Each layer involves an additional cost, and makes it less likely that the millions of beneficiaries have any sense of ownership of the companies in which they are ultimately invested.
The executives who manage companies are agents supposedly acting on behalf of shareholders and in their best interests. The real shareholders are unknown to them — but the executives may know the fund managers who have invested on behalf of the beneficiaries and who are themselves agents supposedly acting in the best interests of the beneficiaries.
So, in theory, we have all these fund managers and service providers being paid to act in the best interests of the millions of beneficiaries, none of whom has any real power.
If the system worked according to the theory, we wouldn’t have a thriving corporate governance industry that spews out codes aimed at ensuring our captains of industry don’t go rogue. But no initiative has been able to overcome the fundamental flaw in 20th- and 21stcentury shareholder capitalism: the lack of any sense of ownership by the millions of real owners.
This system of layers has created a wall of alienation. Behind that wall the fund managers and corporate executives can get on with doing what they think is best for . . . whomever.
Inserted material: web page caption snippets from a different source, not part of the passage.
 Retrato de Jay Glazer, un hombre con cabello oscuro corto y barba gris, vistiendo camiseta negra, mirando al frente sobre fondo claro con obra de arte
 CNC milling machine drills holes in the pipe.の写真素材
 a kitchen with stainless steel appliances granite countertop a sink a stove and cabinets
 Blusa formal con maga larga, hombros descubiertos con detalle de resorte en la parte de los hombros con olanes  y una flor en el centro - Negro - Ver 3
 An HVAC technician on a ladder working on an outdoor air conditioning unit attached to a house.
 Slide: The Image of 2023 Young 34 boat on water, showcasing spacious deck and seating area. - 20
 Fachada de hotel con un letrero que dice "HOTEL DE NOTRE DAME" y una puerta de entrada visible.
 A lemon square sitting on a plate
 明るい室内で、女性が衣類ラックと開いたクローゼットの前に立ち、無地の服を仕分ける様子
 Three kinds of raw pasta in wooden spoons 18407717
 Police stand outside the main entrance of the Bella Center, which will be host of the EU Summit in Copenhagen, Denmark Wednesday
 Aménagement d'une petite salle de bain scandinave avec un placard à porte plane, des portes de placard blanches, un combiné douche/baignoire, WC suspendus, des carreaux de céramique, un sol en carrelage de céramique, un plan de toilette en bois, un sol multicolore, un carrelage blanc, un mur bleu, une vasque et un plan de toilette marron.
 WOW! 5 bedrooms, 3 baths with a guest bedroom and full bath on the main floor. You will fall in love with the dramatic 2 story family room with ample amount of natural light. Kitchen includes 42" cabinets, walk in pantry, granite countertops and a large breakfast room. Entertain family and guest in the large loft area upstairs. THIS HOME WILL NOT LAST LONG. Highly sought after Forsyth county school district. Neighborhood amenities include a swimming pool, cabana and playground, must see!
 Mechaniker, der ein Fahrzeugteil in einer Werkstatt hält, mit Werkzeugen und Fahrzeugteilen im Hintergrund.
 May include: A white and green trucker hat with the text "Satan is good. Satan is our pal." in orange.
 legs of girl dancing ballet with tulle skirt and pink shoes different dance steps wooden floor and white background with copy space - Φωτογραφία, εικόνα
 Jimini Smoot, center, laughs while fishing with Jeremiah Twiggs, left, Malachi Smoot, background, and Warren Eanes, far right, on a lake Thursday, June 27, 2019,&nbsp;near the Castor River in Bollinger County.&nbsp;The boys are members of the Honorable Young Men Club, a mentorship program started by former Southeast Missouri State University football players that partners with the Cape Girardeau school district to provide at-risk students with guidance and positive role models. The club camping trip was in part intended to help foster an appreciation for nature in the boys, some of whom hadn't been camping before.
The magazine’s recommendation is aimed at dismantling that wall of alienation, to get the real owners involved. It assumes that if people knew what companies they were invested in, they would become more interested in the oversight of those companies. They might even be interested enough to get involved in the appointment of the directors.
The latest issue of Today’s Trustee takes pension fund activism further. It carries an interview with ANC Gauteng chairman Paul Mashatile on the need for “radical economic transformation” and the ANC Gauteng policy proposals for retirement funds to become activist shareholders.
When asked why the focus was on retirement funds, Mashatile replied: “Because they have millions of black members and the savings of black workers are held in these funds. They have rights as shareholders, and by exercising those rights they can influence the ways that their money is invested. Their investments should help the development agenda.”
And Mashatile said about nationalisation: “Any debate on nationalisation should be within the context of what’s already owned by the workers; in fact, how the people of South Africa, through their retirement funds, own the means of production.”
How does Mashatile’s proposal — since adopted by the Gauteng ANC — fit with the National Empowerment Fund’s claim that “black people own a mere 3% of the economy”? The empowerment fund implicitly denies that black people have any claims to the assets of retirement funds.
Given the fund’s denial of workers’ claims, the two approaches seem headed for conflict.
Mashatile is interested in black workers exercising the ownership they already have. The fund appears interested in black people being given shares they don’t have. His proposal is more likely to lead to the sort of radical economic transformation this country needs. The fund is more likely to create another generation of oligarchs who will effect little transformation but will gratefully funnel some of their new wealth to the ANC.
It’s time we all became more active.